- [YOUR GOAL]: What you return should be the lines from the one with "Nosidełko dla dzieci" through the one with "Metal Smoking Pipe" in the data below, reproduced exactly with both ends, and no pictures at all.

- [DATA EXTRACTS]:
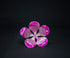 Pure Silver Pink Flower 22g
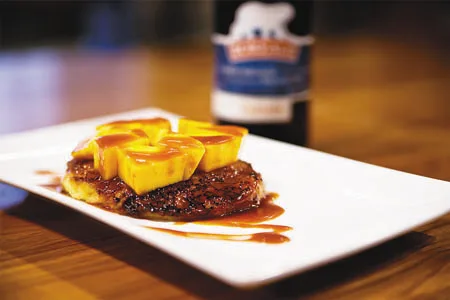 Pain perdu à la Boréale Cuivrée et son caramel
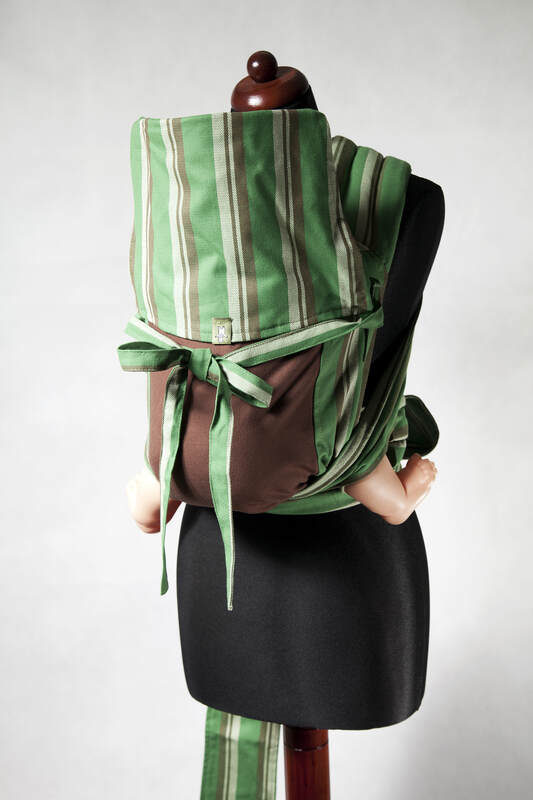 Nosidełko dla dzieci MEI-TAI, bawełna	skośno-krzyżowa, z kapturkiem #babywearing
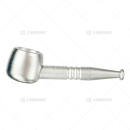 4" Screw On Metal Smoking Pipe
==
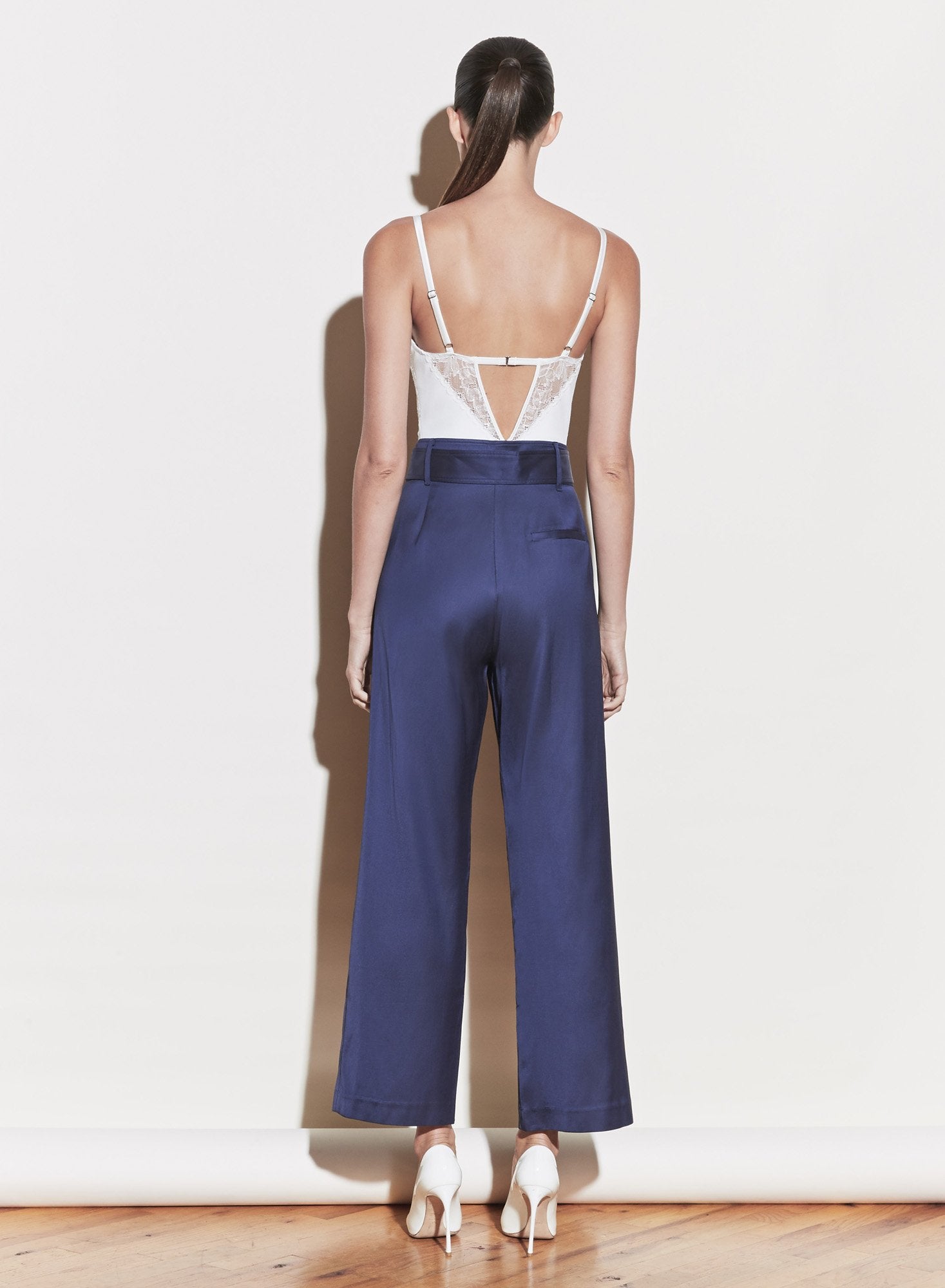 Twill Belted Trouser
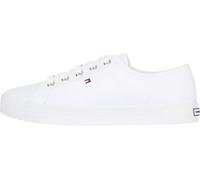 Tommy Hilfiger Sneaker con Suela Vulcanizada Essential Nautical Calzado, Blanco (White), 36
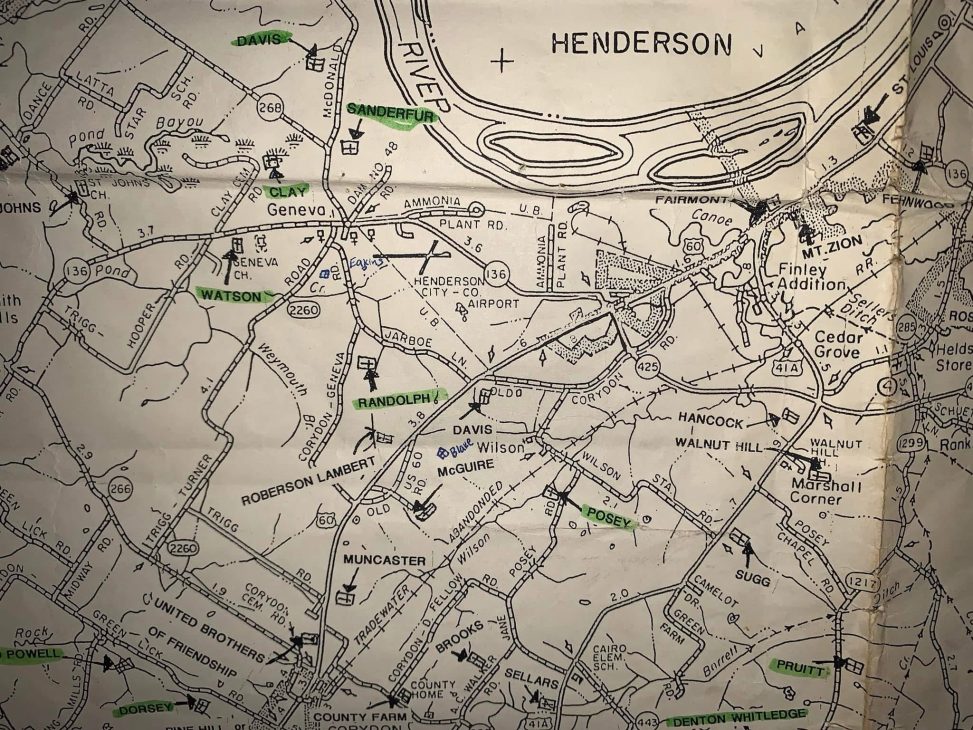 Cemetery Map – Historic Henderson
--
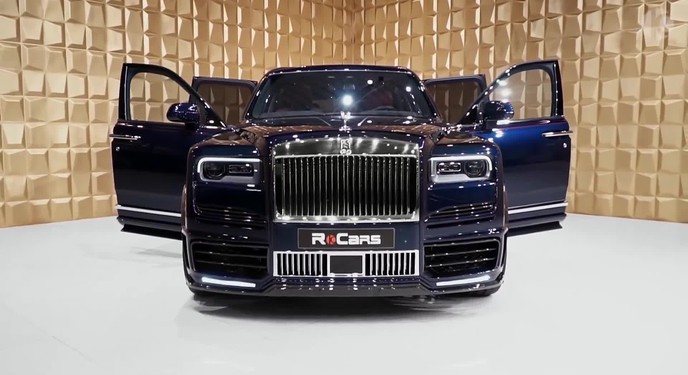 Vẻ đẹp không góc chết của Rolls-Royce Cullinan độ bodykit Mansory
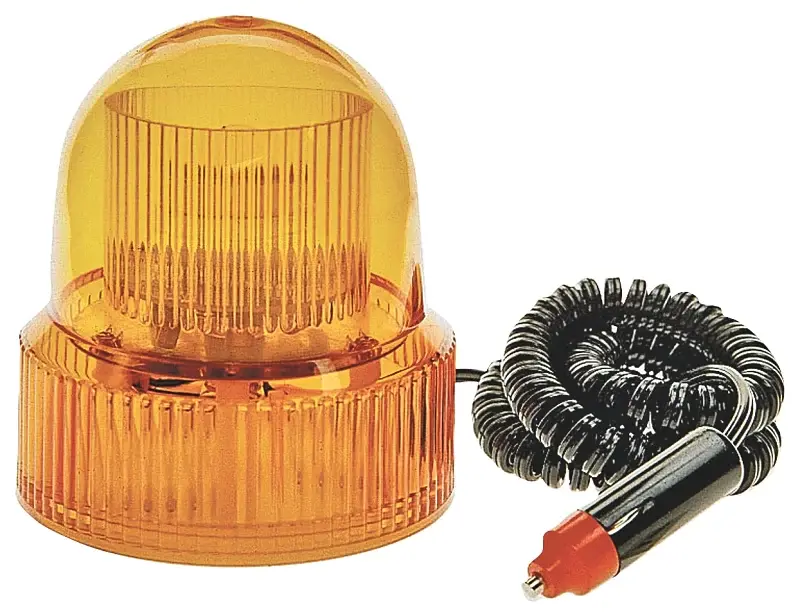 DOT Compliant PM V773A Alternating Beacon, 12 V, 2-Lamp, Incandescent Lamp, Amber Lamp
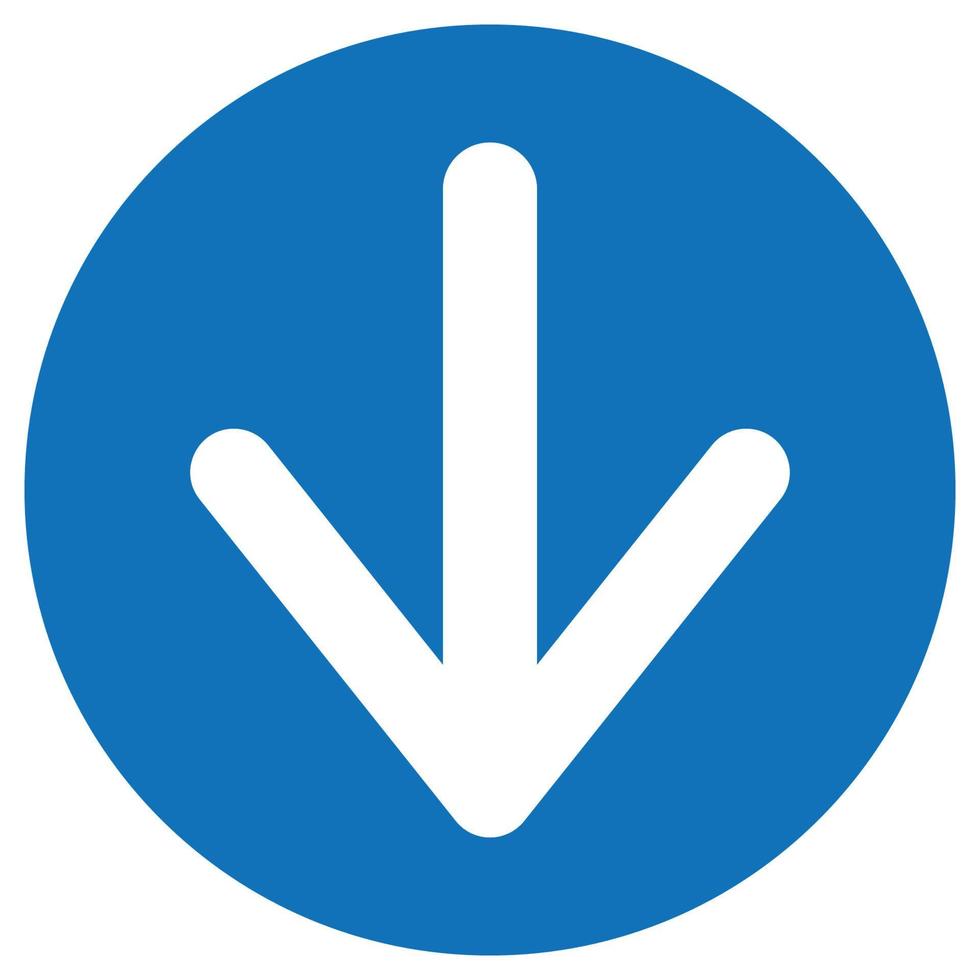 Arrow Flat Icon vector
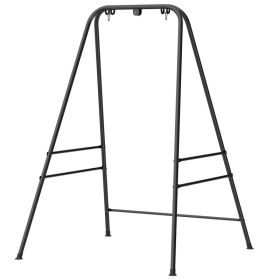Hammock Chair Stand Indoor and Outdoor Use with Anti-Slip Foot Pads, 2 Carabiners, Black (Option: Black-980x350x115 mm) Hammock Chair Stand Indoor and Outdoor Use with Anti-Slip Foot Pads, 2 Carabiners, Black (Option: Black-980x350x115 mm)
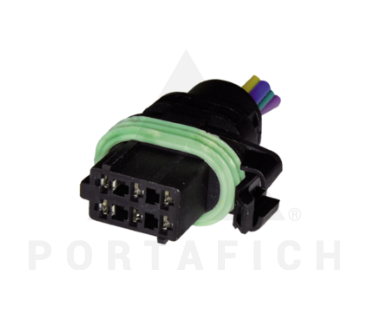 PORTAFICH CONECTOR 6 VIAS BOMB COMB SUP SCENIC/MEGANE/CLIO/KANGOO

- [ANSWER BOX]:
 Nosidełko dla dzieci MEI-TAI, bawełna	skośno-krzyżowa, z kapturkiem #babywearing
 4" Screw On Metal Smoking Pipe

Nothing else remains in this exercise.